To submit a job to the cluster requires a job script. This is a shell script which uses special commands to define the task to be run and the resources required. The commands in the script execute programs as if they are being run through a terminal. As the job will be run by the queuing system, the programs must execute without requiring interaction with the user (so you cannot run a graphical application from a job script).

Writing a job-submission script

  1. Create a new text file for your script (you can use any editor, such as Mousepad, vim, emacs, nano). However, it is important that the file is saved as a plain text file. It is convenient to use a file extension, such as .slr, to remind us that it is a SLURM job script – for example, myjob.slr.

    The first line should contain the command interpreter to use (usually Bash)

    #!/bin/bash
    

    Each line of the script contains commands to run as part of the job. For example, the following would execute a minimal Python program:

    python3 -c 'print("Hello World!")'
    

    Add comments to your script to remind you what commands and parameters you used and why:

    # This is a comment
    
  2. Specify the hardware resources required for the job:

    #SBATCH --ntasks=1
    #SBATCH --mem=8000MB
    

    The --ntasks parameter indicates how many CPU cores on the compute node should be used to run the task. If your program is not parallelised, this should be 1. The --mem parameter specifies the total amount of memory (per node) required for the job. Specifying resources requires some prior knowledge or experience of the task and its requirements.
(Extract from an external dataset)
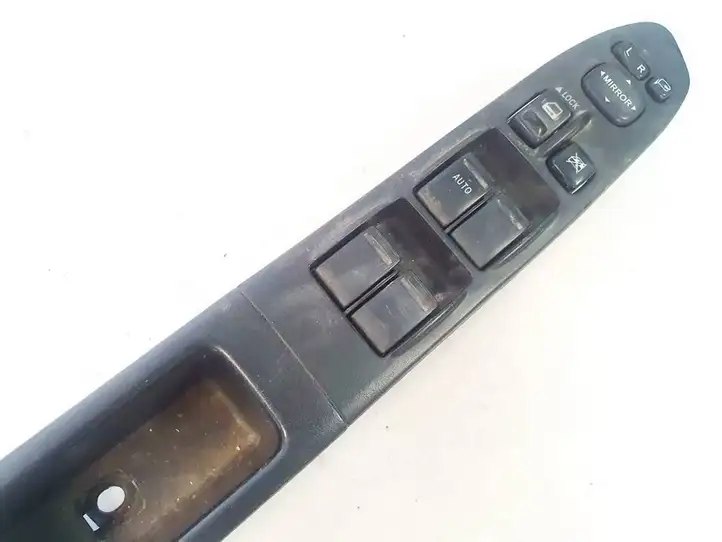 Subaru Forester SG (2006 - 2008) 183606 Кнопка стеклоподъемников — фото 2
  3. Specify the time required for the job. The following command would request 6 hours.

    #SBATCH --time=06:00:00
    

    The --time parameter specifies the expected time the job will take to run (wall time). If your job exceeds this wall time, it will be terminated.

  4. Specify the cluster partition (queue) to use. This should be compatible with the requested job time (use sinfo to see the maximum job times for each partition).

    #SBATCH --partition=short
    
  5. Add any other option SLURM parameters. For example, to specify a name for the job, to make it easier to differentiate between multiple jobs in the queue, you can use:

    #SBATCH --job-name=myjob1
    

Complete script

An example of the complete job script, showing the essential components, is given below:

#!/bin/bash
#SBATCH --ntasks=1
#SBATCH --mem=8000MB
#SBATCH --time=06:00:00
#SBATCH --job-name=myjob1
#SBATCH --partition=short
python3 -c 'print("Hello World!")'

Note

The current working directory will initially be the path from where the job script is submitted.

Specifying accounts

By default all jobs run under the aero_general account. To access some resources, your username must be associated with a different account and this account must be specified in the SLURM script used to run jobs requiring those resources. For example:

#SBATCH --account=my_account_name

where my_account_name should be updated appropriately. To see which accounts you are associated with, run:

sacctmgr show association user=myuserid

substituting your username for myuserid.

GPU jobs

To request GPU resources, you must specify a generic resource (GRES) request. This has the form:

#SBATCH --gres=gpu:GPUTYPE:NUM

You should replace GPUTYPE with the type of GPU you wish to use:

  • nvidia_a40 for NVIDIA A40 GPUs

  • tesla_t4 for NVIDIA T4 GPUs

You should also replace NUM with the number of GPUs required. This should almost always be 1.